The Central Housing and Planning Authority (CH&PA) will soon be moving to demolish new structures now being built on the government reserves in the Cummings Lodge-Sophia area, Chief Executive Officer (CEO) Lelon Saul said yesterday.
“We have agreed that the incomplete structures that you see are around here that are under construction, we will dismantle those buildings,” Saul told reporters during a media tour, which highlighted the negative impacts of squatting in the community. He stated that notices would be served to the owners of the new structures prior to their dismantling.
He noted that persons residing in existing structures would be required to move by the end of January, 2018, in keeping with an announcement made by Junior Communities Minister Valerie Patterson-Yearwood one day prior.
During the tour, it was pointed out that sections of the banks of the Lamaha Conservancy are currently eroding and because of squatters on the reserve remedial works cannot be undertaken to remedy the situation.
Saul explained that the informal settlement of the squatters has also compromised waterways through contamination. “There are persons squatting on the dam and their pit latrines are also close to the conservancy, they swim in the conservancy and dump trash in the conservancy, these are the things we are trying to combat and work to have the safety of the citizens taken care off because this is where we get our drinking water from,” Saul said in disgust.
The CEO, during the tour, pointed to the many homes that are in the buffer zone. He explained that they cannot continue to allow persons to squat on reserves as they wish “and we have to bring an end to it but we will do that in a civilised manner.”
The CH&PA, he said, is willing to work with residents who are squatting and all persons need to do is visit their office and engage in consultation.
“We are asking them to come in and apply for house lots and we will work with them to remove them from the zero tolerance house lots,” he stressed.
He also indicated that they will continue to work with residents in 2018 if they are unable to find suitable housing solutions. “We are willing to work with you but at the same time we do not want people to come and put down structures. It is making it difficult for us…,” he stated.

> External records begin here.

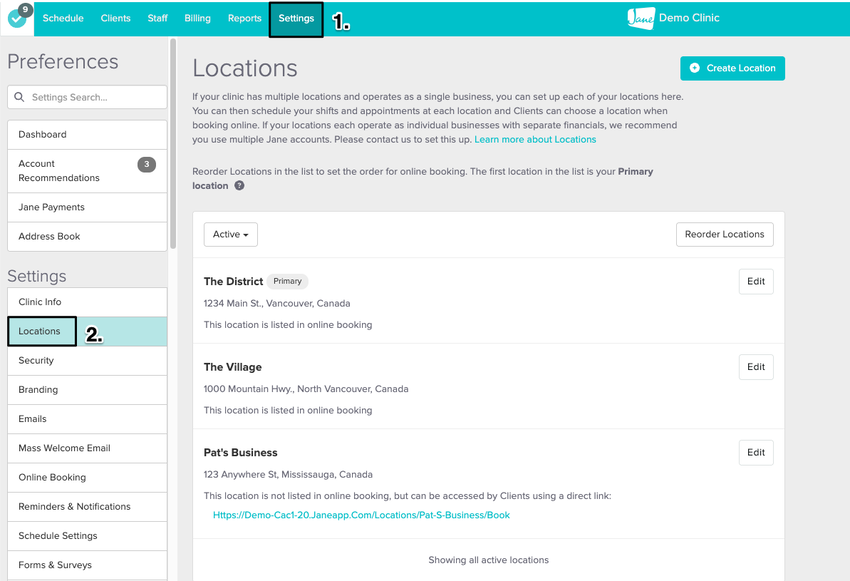 an image showing the navigation to the locations section within the settings tab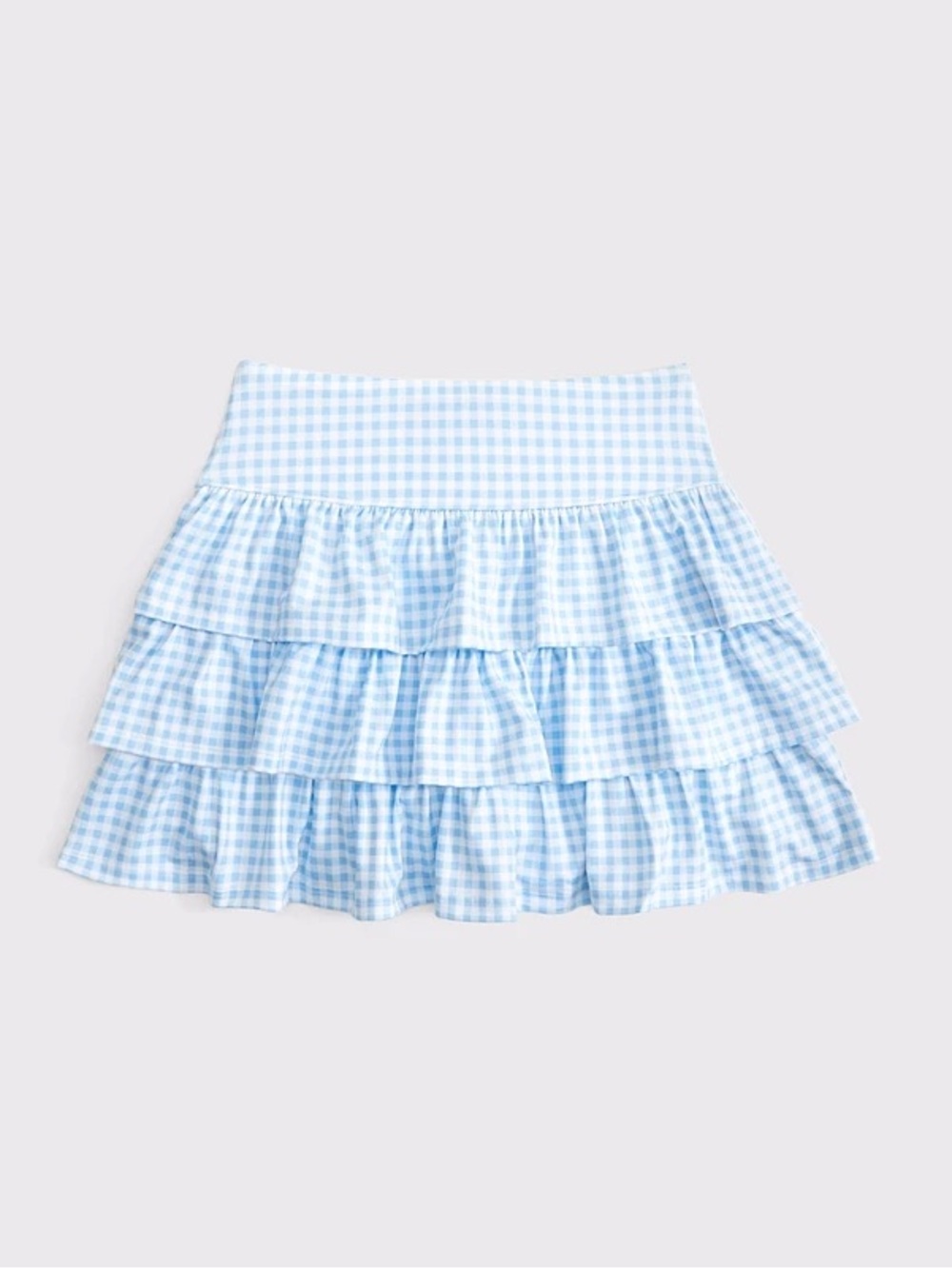Abercrombie Kids YPB Blue Gingham Ruffle Mini Skort, Skirt with shorts 5/6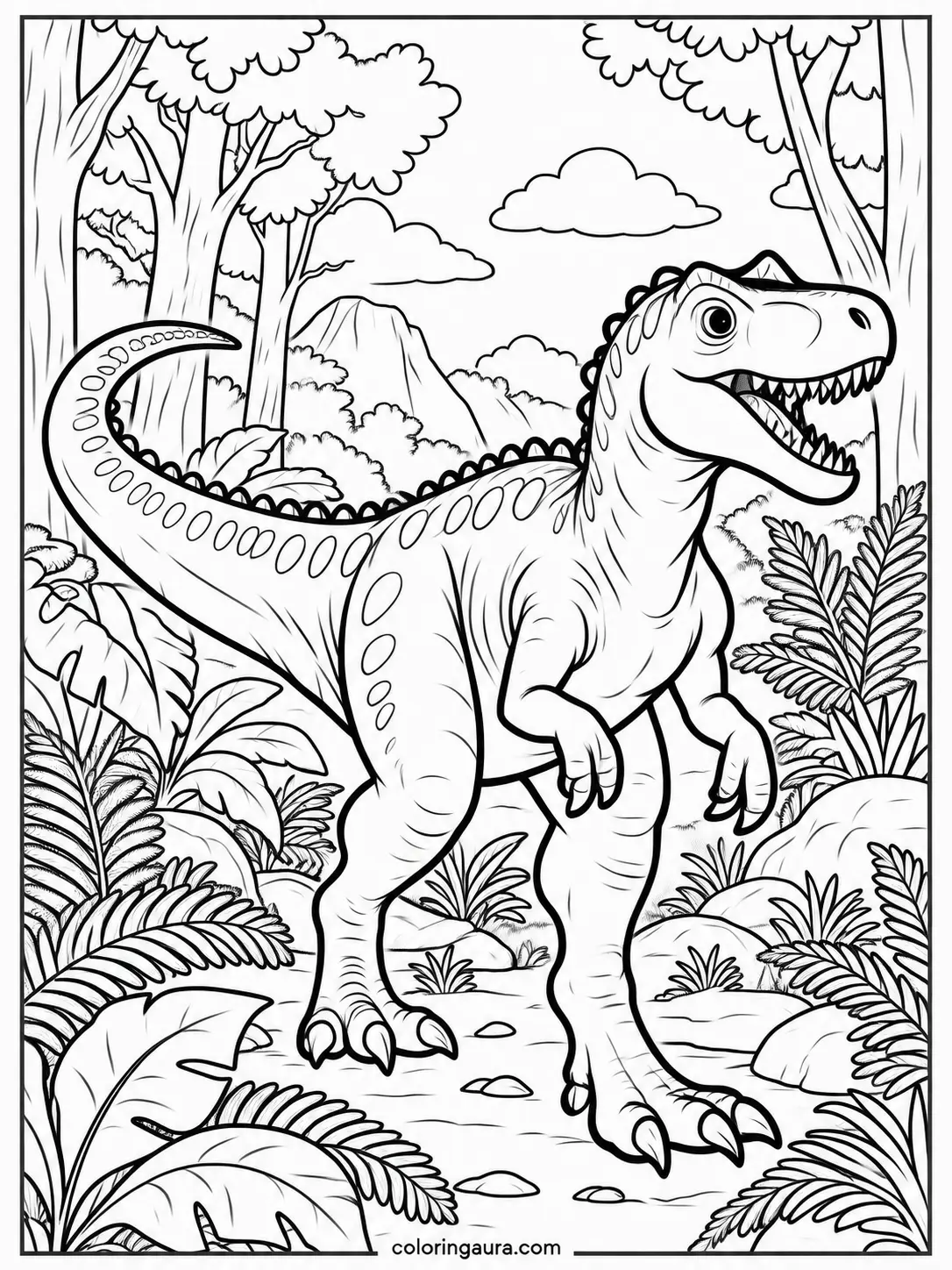 Allosaurus in a Prehistoric Forest Coloring Page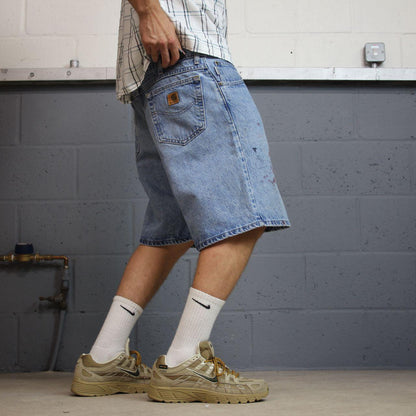 Vintage Carhartt denim shorts y2k blue Loose fit skater style denim surf jorts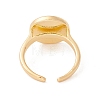 Shell Flat Round Open Cuff Ring RJEW-P030-03G-3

As the team walked through the communities, hundreds of illegal connections were observed running from the electrical poles through drains and under the dams and into the homes.
As word spread around the community of the CH&PA’s visit, residents congregated and voiced their unwillingness to move from the reserve. In some cases, it was observed that persons were constructing concrete structures and one man was rearing pigs on the reserve a few meters away from the conservancy.
Following a protest by Sophia residents, Patterson-Yearwood said on Monday that the ministry was looking at the availability of lots in Industry, on the East Coast of Demerara, to relocate the squatters and build core homes for those who cannot afford to build.
At present, over 543 families in the Sophia/Cummings Lodge area are squatting, according to the CH&PA.
“We cannot give them a piece of land and they go and build a shack… it is like moving one shanty town to another… so we are looking to build homes for those who cannot afford,” the minister said while explaining that providing quality homes to those who cannot afford to build is important since the aim of the government is to raise the standard of living of every Guyanese.
Approximately two weeks ago, the CH&PA demolished almost two dozen structures on the government reserve in ‘A’ Field, Sophia.